- Opening Delimiter -

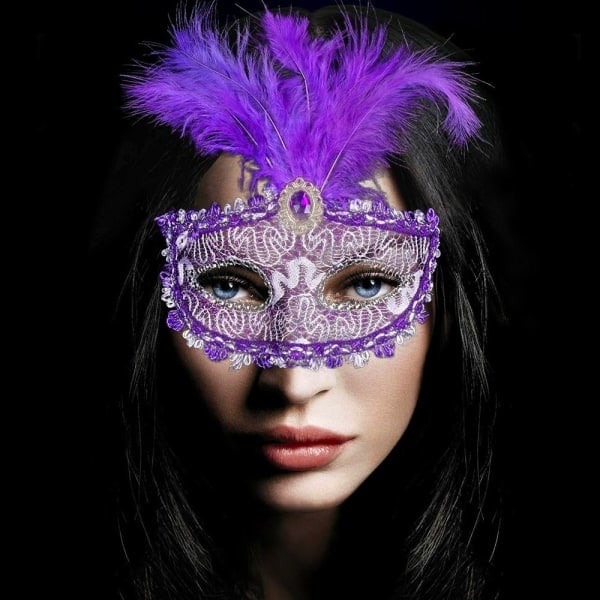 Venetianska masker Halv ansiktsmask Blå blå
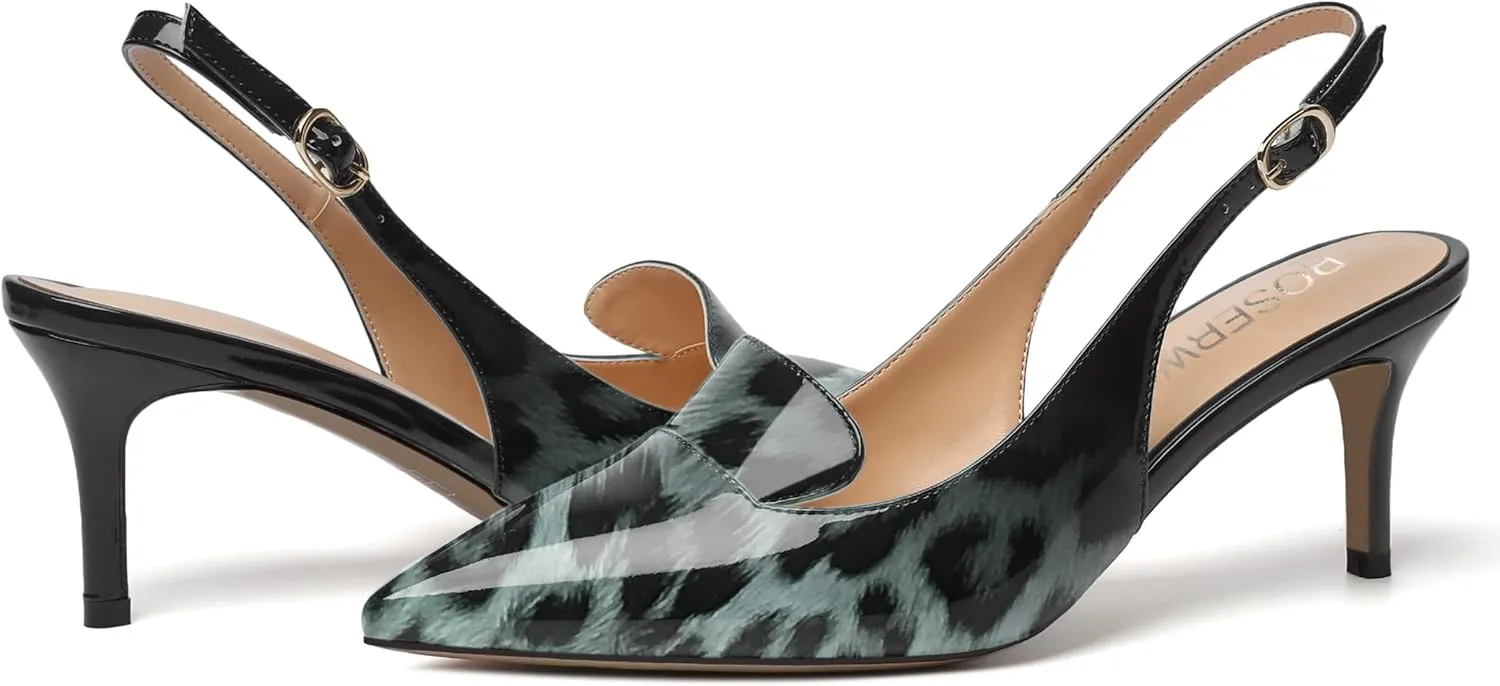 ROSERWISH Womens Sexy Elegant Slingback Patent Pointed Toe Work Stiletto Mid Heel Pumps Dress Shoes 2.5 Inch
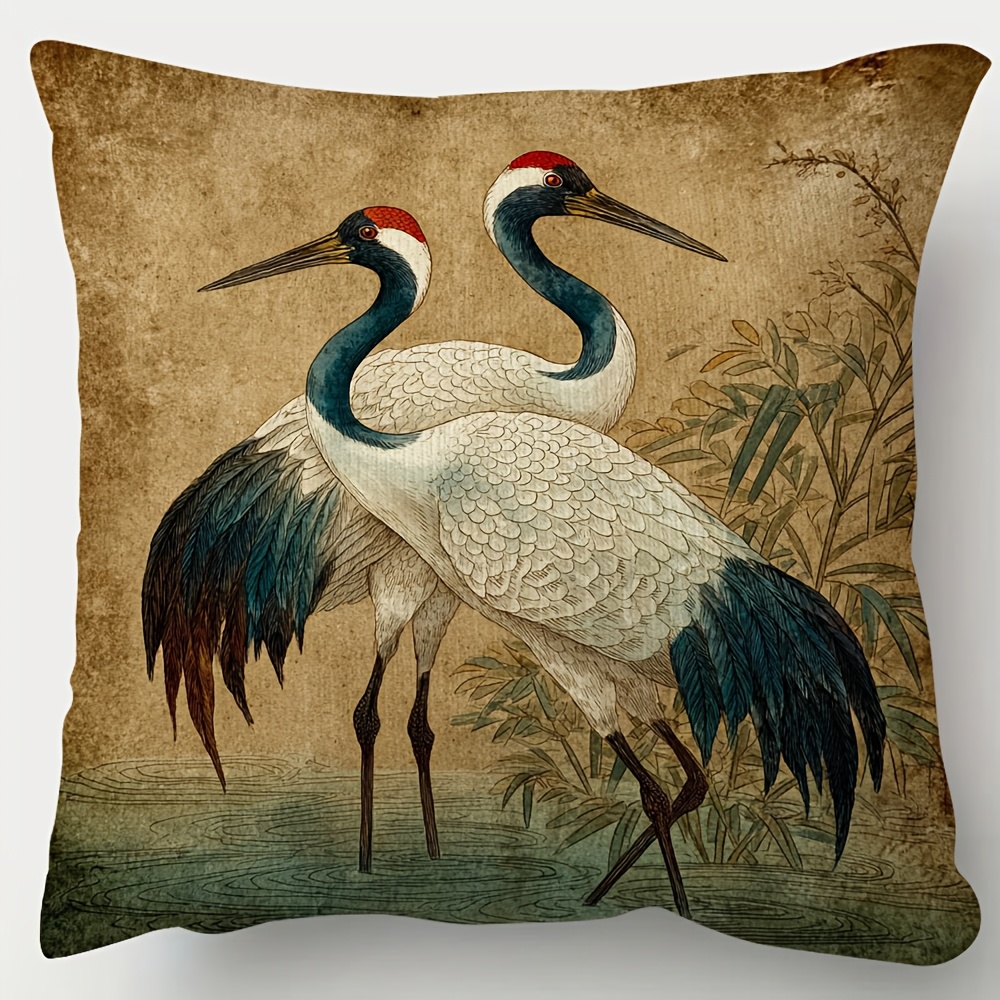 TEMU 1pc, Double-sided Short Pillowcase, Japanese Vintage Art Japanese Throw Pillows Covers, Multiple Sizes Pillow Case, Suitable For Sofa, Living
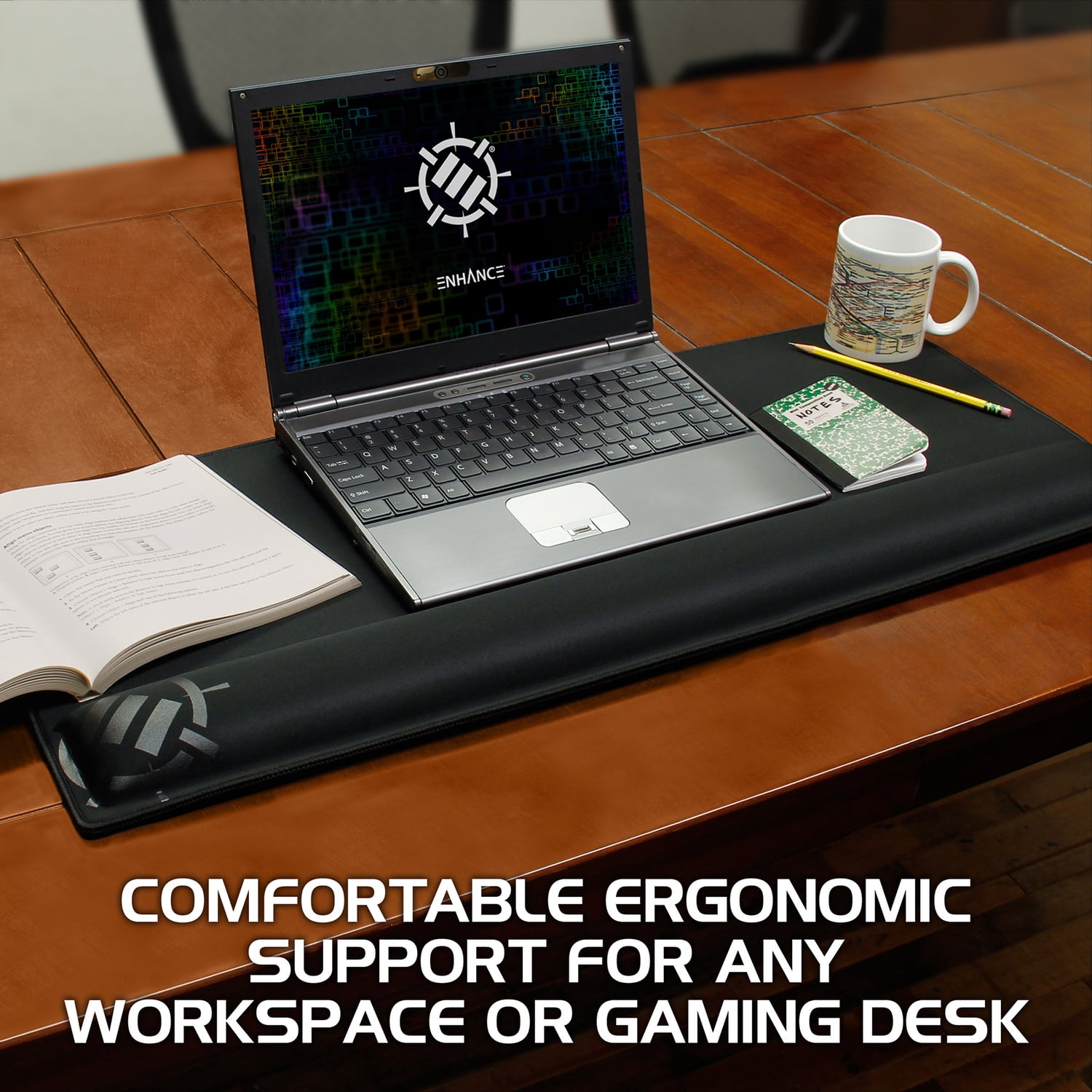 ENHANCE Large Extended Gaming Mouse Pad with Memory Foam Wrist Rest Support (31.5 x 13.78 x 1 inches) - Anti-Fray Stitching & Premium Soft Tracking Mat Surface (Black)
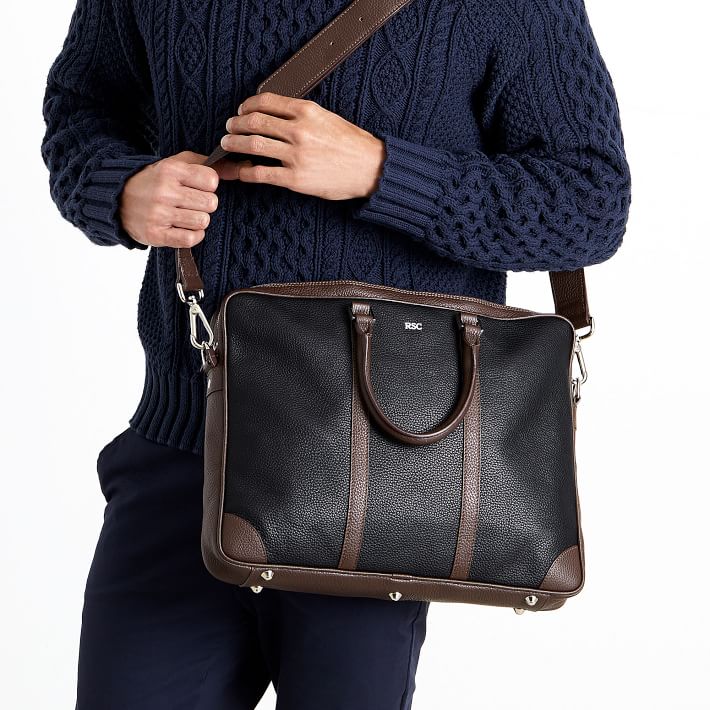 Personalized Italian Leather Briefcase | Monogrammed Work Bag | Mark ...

- Closing Delimiter -

(Work task) Once the pictures are dropped, repeat the data above exactly.

(Worked solution)
 Venetianska masker Halv ansiktsmask Blå blå
 ROSERWISH Womens Sexy Elegant Slingback Patent Pointed Toe Work Stiletto Mid Heel Pumps Dress Shoes 2.5 Inch
 TEMU 1pc, Double-sided Short Pillowcase, Japanese Vintage Art Japanese Throw Pillows Covers, Multiple Sizes Pillow Case, Suitable For Sofa, Living
 ENHANCE Large Extended Gaming Mouse Pad with Memory Foam Wrist Rest Support (31.5 x 13.78 x 1 inches) - Anti-Fray Stitching & Premium Soft Tracking Mat Surface (Black)
 Personalized Italian Leather Briefcase | Monogrammed Work Bag | Mark ...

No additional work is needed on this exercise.